数学大讲堂

Graph Cut, Convex Relaxation and Continuous Max-flow methods for image processing and computer vision

嘉宾简介Xue-Cheng Tai received the licentiate degree and the Ph.D. degree in applied mathematics from Jyvaskalya University, Jyvaskalya, Finland in 1989 and 1991, respectively. After holding several research positions in Europe, he became an Associate Professor in 1994 at the University of Bergen, Bergen, Norway, and a Professor in 1997. He was also a faculty member of Nanyang Technological University of Singapore from 2007 to 2010. He has been a Member of the "Center for Mathematics for Applications" in Oslo and a Member of the "Center of Integrated Petroleum Research" in Bergen. He is now a Professor at Hong Kong Baptist University.

His research interests include Numerical PDEs, optimization techniques, inverse problems, and image processing. He has done significant research work his research areas and published over 150 top quality international conference and journal papers. He is the winner of the 8th Feng Kang Prize for scientific computing and also the winner of the Nanyang Award for Research Excellence of NTU at Singapore in 2011. He served as organizing and program committee members for a number of international conferences and has been often invited for international conferences. He has served as referee and reviewers for many premier conferences and journals.

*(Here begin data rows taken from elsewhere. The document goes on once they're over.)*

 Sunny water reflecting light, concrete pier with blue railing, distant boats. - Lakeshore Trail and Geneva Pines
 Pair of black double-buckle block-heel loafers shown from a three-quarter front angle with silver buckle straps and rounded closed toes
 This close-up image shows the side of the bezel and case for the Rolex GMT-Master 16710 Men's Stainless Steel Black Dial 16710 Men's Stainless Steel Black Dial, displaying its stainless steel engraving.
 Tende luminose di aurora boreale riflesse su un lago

Dr. Tai serves as member of the editor board for a number of international journals.

 

讲座简介:Minimization methods and variational models are becoming fundamental for image processing/computer vision/machine learning. Graph cut methods, which originated from combinatorial mathematics, have been widely used due to their fast speed and robustness with minimizations. Variational methods are also widely used and they often lead to some complex nonlinear partial differential equations. Fast numerical solvers and robust (global) minimization methods are needed and crucial. Recent research has revealed that graph cut methods (in the discrete setting) and some variational models (in the continuous setting) are solving the same numerical problems. The observation of these connections leads to interesting techniques to convexify some complicated variational models and also to produce fast numerical schemes thanks to some advanced techniques from convex programming.

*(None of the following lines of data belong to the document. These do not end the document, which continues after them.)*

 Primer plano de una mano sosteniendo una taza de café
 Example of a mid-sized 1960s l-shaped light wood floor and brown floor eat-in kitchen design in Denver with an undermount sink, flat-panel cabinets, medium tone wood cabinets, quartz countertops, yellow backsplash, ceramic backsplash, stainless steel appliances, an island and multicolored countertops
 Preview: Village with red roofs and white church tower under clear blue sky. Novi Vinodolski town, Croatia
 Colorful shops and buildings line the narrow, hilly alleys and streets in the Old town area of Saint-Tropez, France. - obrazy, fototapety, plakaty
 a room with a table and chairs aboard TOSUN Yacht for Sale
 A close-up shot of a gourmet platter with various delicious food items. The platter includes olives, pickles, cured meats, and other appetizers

This talk will start with graph cut method for image processing and computer vision, then continues with some important variational models. Especially, we will present some recent continuous cut and continuous max-flow models and show their applications to image processing and computer vision. Connection between the discrete graph cut and continuous max-flow models will be revealed. Duality relationship between the different models will be discussed. Convex relaxation of more general variational models will be proposed following these discussions. Fast numerical algorithms becoming natural after convex relaxation and using convex programing techniques. In the end, we will present applications to image segmentation, image restoration, surface construction, machine learning, computer vision and graph theory.